REQUIRED ACTION ▸ Repeat the data exactly, every last line of it.

START PROVIDED DATA

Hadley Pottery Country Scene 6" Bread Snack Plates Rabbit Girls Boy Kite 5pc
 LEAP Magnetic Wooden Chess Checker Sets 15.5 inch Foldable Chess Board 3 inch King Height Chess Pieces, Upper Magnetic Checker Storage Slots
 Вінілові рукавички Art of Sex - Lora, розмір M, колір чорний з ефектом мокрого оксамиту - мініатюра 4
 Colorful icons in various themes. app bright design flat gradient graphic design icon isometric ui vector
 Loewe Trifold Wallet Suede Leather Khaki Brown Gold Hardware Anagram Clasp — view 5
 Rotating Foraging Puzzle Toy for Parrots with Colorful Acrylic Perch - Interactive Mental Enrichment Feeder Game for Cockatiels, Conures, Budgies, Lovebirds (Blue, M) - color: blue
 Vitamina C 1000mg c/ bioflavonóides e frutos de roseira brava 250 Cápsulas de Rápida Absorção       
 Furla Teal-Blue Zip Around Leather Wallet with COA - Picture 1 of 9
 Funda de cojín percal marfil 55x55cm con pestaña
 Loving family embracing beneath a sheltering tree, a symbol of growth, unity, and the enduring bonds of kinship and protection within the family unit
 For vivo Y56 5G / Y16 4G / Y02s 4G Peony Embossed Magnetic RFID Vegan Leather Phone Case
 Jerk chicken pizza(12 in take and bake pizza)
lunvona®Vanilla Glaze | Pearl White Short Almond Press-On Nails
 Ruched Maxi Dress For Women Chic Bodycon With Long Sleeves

END PROVIDED DATA

PROBLEM SOLUTION ▸
Hadley Pottery Country Scene 6" Bread Snack Plates Rabbit Girls Boy Kite 5pc
 LEAP Magnetic Wooden Chess Checker Sets 15.5 inch Foldable Chess Board 3 inch King Height Chess Pieces, Upper Magnetic Checker Storage Slots
 Вінілові рукавички Art of Sex - Lora, розмір M, колір чорний з ефектом мокрого оксамиту - мініатюра 4
 Colorful icons in various themes. app bright design flat gradient graphic design icon isometric ui vector
 Loewe Trifold Wallet Suede Leather Khaki Brown Gold Hardware Anagram Clasp — view 5
 Rotating Foraging Puzzle Toy for Parrots with Colorful Acrylic Perch - Interactive Mental Enrichment Feeder Game for Cockatiels, Conures, Budgies, Lovebirds (Blue, M) - color: blue
 Vitamina C 1000mg c/ bioflavonóides e frutos de roseira brava 250 Cápsulas de Rápida Absorção       
 Furla Teal-Blue Zip Around Leather Wallet with COA - Picture 1 of 9
 Funda de cojín percal marfil 55x55cm con pestaña
 Loving family embracing beneath a sheltering tree, a symbol of growth, unity, and the enduring bonds of kinship and protection within the family unit
 For vivo Y56 5G / Y16 4G / Y02s 4G Peony Embossed Magnetic RFID Vegan Leather Phone Case
 Jerk chicken pizza(12 in take and bake pizza)
lunvona®Vanilla Glaze | Pearl White Short Almond Press-On Nails
 Ruched Maxi Dress For Women Chic Bodycon With Long Sleeves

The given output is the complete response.